Ce Code européen des affaires, du commerce et des entreprises est nécessaire : il ouvrira la voie à la simplification urgente du droit européen des affaires ; grâce à la technique de la codification à droit constant, il rendra l’acquis européen en matière de droit des affaires lisible et accessible. Par le recours à un 28-ème régime optionnel, il remédiera aux aspects les plus pénalisants de la fragmentation actuelle des marchés résultant de la coexistence et du cloisonnement des 27 législations commerciales régissant encore le quotidien des entreprises en Europe.
« Nous pouvons penser qu’un Code européen du droit des affaires constituerait une étape transformatrice vers un marché unique plus unifié, offrant aux entreprises un 28e régime pour opérer au sein du marché unique. Il s’attaquerait directement à la mosaïque actuelle de réglementations nationales et la surmonterait, agissant comme un outil clef pour libérer tout le potentiel de la libre circulation au sein de l’Union », affirme ainsi l’ancien Président du Conseil italien.

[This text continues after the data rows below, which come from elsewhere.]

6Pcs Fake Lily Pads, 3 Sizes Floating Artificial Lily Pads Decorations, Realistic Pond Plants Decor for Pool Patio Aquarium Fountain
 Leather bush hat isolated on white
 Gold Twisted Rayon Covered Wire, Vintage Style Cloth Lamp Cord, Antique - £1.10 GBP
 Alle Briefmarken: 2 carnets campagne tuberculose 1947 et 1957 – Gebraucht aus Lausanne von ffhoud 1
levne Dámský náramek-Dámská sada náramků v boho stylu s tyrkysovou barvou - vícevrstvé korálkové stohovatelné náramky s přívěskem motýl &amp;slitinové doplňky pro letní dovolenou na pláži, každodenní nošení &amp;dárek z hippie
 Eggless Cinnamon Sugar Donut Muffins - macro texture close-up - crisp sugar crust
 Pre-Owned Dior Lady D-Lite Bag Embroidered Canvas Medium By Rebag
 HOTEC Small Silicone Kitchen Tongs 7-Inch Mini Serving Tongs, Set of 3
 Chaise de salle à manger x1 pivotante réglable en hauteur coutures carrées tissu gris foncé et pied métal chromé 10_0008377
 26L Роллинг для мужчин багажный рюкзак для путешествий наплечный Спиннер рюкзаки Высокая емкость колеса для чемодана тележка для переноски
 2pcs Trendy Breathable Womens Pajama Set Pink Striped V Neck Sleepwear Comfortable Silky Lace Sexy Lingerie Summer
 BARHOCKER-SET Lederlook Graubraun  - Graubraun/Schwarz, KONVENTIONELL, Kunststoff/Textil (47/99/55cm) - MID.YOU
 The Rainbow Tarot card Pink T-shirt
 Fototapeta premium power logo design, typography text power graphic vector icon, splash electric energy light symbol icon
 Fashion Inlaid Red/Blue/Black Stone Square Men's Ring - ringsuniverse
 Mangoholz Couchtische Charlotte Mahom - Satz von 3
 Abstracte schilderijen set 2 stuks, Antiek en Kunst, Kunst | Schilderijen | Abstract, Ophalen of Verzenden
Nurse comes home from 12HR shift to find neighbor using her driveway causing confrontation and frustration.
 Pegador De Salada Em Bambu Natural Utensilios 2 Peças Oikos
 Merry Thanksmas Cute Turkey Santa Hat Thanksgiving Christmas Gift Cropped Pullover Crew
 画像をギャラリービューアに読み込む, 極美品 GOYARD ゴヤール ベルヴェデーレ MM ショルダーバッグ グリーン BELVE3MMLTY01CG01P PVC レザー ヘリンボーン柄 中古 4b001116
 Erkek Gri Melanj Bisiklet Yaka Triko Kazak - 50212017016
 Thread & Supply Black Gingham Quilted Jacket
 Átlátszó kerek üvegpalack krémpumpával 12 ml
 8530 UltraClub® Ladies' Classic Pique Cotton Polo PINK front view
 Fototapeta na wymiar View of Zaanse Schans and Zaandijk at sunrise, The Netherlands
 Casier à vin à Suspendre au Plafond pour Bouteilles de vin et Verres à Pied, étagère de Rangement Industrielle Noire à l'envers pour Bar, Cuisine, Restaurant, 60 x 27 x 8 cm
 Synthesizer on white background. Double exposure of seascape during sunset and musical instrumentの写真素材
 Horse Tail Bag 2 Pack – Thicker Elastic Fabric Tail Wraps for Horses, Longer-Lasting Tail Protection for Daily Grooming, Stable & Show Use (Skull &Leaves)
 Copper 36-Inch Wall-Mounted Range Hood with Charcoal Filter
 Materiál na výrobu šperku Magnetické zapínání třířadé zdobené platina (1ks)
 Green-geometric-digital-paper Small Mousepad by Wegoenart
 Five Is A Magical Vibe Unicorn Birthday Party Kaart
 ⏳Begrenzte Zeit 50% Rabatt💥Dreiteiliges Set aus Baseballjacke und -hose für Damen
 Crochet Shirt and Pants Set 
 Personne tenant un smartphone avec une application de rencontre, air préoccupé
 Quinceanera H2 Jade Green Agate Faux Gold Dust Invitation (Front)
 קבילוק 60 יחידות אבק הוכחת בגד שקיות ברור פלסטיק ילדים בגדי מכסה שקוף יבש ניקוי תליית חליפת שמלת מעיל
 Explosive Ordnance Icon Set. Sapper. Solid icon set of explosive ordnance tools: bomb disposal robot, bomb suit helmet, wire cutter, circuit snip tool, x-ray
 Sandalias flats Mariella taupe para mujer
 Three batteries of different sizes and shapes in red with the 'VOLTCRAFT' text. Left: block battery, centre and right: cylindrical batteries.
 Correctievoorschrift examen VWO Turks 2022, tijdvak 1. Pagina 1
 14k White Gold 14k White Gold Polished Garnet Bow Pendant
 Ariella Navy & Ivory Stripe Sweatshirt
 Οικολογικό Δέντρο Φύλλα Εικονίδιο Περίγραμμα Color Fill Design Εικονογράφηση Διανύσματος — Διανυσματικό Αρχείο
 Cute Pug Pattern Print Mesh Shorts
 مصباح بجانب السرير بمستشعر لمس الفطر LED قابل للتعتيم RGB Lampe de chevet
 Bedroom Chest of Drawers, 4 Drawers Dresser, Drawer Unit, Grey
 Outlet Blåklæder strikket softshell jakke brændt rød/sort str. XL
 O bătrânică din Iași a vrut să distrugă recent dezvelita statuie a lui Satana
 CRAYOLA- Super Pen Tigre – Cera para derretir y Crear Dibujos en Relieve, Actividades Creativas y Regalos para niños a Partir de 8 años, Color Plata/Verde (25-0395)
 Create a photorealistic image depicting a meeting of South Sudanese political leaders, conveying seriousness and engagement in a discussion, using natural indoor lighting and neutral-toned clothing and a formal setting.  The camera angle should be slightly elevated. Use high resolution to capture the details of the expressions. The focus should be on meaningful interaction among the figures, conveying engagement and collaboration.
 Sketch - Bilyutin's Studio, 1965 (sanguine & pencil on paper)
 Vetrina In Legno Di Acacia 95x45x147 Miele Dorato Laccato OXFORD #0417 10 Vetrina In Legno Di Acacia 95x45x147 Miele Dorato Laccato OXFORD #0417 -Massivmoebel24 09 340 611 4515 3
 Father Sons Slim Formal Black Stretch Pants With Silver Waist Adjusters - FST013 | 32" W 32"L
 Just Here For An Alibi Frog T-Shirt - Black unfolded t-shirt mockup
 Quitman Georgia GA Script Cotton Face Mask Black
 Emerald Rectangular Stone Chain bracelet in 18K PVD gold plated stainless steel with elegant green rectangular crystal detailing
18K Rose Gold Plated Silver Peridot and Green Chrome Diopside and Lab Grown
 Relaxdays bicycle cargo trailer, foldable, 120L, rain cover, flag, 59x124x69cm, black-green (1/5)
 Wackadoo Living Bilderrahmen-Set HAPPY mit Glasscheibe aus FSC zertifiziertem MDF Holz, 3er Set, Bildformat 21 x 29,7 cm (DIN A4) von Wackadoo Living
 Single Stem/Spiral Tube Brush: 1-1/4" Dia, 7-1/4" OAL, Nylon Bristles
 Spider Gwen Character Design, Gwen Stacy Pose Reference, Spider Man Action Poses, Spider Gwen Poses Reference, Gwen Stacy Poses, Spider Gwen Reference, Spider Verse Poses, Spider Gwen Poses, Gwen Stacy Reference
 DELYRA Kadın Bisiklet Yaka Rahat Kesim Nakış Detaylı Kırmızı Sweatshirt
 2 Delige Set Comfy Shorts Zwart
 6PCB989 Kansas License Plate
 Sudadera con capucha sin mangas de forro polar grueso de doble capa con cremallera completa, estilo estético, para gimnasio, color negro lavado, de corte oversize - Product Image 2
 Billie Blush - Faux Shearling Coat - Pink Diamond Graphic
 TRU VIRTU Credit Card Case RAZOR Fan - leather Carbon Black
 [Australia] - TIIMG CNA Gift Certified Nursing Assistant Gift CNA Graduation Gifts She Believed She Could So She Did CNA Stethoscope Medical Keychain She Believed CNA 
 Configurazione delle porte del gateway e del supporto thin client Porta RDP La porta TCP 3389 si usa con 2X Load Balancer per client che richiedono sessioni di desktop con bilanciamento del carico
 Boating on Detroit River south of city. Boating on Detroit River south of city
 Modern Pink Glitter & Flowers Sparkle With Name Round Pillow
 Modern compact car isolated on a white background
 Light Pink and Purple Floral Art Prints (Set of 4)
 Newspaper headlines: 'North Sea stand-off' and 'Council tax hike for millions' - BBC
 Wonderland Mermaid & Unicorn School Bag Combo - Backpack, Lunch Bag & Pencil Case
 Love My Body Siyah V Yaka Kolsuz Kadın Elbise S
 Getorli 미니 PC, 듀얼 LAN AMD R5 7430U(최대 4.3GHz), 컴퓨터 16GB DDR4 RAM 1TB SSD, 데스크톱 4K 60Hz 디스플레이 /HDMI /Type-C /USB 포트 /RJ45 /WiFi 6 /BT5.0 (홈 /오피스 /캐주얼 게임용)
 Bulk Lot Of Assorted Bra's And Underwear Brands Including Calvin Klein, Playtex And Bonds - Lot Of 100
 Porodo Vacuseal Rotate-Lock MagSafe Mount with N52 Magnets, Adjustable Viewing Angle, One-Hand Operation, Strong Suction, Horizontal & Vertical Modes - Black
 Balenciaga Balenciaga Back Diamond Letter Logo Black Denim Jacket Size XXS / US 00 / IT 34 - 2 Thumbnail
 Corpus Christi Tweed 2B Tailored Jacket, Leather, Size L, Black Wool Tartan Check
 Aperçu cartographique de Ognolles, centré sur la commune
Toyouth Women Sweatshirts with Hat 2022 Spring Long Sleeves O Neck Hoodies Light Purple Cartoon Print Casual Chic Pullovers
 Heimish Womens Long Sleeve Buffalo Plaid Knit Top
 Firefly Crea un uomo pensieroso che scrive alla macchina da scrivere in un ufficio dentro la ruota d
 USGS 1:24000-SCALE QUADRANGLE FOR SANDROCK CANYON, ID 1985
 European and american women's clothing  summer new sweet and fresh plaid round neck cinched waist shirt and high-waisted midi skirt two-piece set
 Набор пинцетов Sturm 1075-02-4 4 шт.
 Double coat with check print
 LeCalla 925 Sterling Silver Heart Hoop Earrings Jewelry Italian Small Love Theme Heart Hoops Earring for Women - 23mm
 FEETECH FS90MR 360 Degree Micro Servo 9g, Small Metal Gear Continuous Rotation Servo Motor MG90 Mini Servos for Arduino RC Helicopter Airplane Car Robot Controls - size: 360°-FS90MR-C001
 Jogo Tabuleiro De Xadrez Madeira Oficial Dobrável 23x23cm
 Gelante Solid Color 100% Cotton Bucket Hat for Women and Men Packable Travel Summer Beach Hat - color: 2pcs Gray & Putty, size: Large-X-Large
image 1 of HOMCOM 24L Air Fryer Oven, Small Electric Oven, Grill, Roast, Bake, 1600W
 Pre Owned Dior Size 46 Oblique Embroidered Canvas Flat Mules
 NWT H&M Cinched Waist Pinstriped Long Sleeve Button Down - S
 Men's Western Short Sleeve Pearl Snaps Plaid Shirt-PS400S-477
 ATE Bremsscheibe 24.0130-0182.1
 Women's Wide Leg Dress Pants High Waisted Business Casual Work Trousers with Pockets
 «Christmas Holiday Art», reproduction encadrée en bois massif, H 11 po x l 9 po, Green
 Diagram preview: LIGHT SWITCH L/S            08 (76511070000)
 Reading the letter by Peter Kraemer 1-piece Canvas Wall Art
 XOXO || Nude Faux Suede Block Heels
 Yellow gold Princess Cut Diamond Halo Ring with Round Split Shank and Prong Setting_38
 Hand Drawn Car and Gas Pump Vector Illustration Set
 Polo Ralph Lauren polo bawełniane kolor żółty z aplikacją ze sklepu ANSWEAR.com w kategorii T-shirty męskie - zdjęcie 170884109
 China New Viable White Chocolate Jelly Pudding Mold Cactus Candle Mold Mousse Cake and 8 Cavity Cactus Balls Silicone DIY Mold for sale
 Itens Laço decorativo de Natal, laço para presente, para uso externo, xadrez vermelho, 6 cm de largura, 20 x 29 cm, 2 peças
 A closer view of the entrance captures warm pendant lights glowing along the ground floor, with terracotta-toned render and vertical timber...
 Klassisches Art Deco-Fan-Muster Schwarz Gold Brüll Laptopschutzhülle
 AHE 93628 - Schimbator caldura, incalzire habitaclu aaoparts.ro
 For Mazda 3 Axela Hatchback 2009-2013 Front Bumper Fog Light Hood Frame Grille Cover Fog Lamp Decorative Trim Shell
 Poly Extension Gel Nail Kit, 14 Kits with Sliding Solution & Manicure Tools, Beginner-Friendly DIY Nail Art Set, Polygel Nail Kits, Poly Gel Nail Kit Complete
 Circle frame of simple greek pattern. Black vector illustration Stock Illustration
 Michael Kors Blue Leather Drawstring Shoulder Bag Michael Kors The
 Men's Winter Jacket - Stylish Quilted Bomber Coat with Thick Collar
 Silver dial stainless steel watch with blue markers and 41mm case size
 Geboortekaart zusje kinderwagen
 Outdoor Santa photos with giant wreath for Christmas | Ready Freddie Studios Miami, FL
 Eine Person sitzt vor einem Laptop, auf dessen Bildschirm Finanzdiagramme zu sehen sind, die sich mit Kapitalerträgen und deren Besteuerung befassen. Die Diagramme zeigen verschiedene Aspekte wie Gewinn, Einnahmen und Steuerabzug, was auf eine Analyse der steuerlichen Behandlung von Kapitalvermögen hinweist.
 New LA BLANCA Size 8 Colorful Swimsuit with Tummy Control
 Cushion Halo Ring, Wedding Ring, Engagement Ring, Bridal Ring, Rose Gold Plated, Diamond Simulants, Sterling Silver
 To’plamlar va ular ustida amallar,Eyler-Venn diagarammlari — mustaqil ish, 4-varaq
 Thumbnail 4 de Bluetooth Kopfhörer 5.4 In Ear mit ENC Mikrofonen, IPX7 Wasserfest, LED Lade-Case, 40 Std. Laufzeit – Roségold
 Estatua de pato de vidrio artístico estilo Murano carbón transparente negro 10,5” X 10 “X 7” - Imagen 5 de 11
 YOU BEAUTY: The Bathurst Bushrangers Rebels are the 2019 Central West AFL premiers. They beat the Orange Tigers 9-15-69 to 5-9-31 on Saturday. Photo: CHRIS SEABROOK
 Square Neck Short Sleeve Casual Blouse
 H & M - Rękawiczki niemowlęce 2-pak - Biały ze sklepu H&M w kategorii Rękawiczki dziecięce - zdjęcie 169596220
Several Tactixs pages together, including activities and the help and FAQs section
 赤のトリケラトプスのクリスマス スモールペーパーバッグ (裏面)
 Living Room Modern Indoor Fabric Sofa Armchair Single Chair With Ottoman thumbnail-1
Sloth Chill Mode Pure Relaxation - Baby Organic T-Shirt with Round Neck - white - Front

Conformément aux recommandations du rapport Letta et au-delà de l’urgente simplification qu’il rend possible, le Code européen de droit des affaires permettra de développer de nouveaux instruments contractuels répondant aux besoins concrets des entreprises pour leur épanouissement à l’échelle du marché européen :
- besoin d’une structure adaptée par une Société Européenne Simplifiée (SES) ;
- besoin de financement par un prêt européen, des sûretés européennes (euro-cautionnement, euro-gage…) ou encore par la souscription d’obligations européennes ;
- besoin de couverture par une assurance européenne ;
- besoin de stimulation de l’innovation à travers la création d’un régime fiscal européen « Jeunes Entreprises Innovantes Européennes » ; etc.
Un droit des affaires unifié et codifié est du reste un vecteur de compétitivité et d’attractivité dont témoignent de nombreux exemples étrangers. Aux Etats-Unis, l’Uniform Commercial Code (UCC) a facilité la constitution d’un immense marché tandis qu’en Afrique l’Organisation pour l’Harmonisation du droit des Affaires (OHADA) est unanimement reconnue comme un levier de croissance des échanges et des investissements.
La réalisation d’un code européen de droit des affaires proposée par Enrico Letta dans son rapport permettra l’avènement de projets qui sont à la peine depuis des années, comme l’achèvement de l’union des marchés de capitaux (Enrico Letta parle d’une union financière, union de l’épargne et des investissements). Pour être essentielle au financement des économies européennes et de la transition énergétique, dans un contexte de crise climatique, et éviter la fuite des capitaux vers une économie américaine plus porteuse, cette union financière restera un vœu pieu tant que les législations commerciales resteront fragmentées et cloisonnées comme elles le sont aujourd’hui en Europe dans des domaines clés pour sa réalisation.
Il s’agit maintenant de faire du marché intérieur l’horizon naturel du développement de nos entreprises. Le cri d’alarme et l’appel au sursaut d’Enrico Letta aujourd’hui, de Mario Draghi demain, sont les bienvenus. L’objectif du Président de l’Institut Jacques Delors est de veiller à ce que ses propositions, certes ambitieuses, mais surtout faisables, ne se perdent pas dans les sables.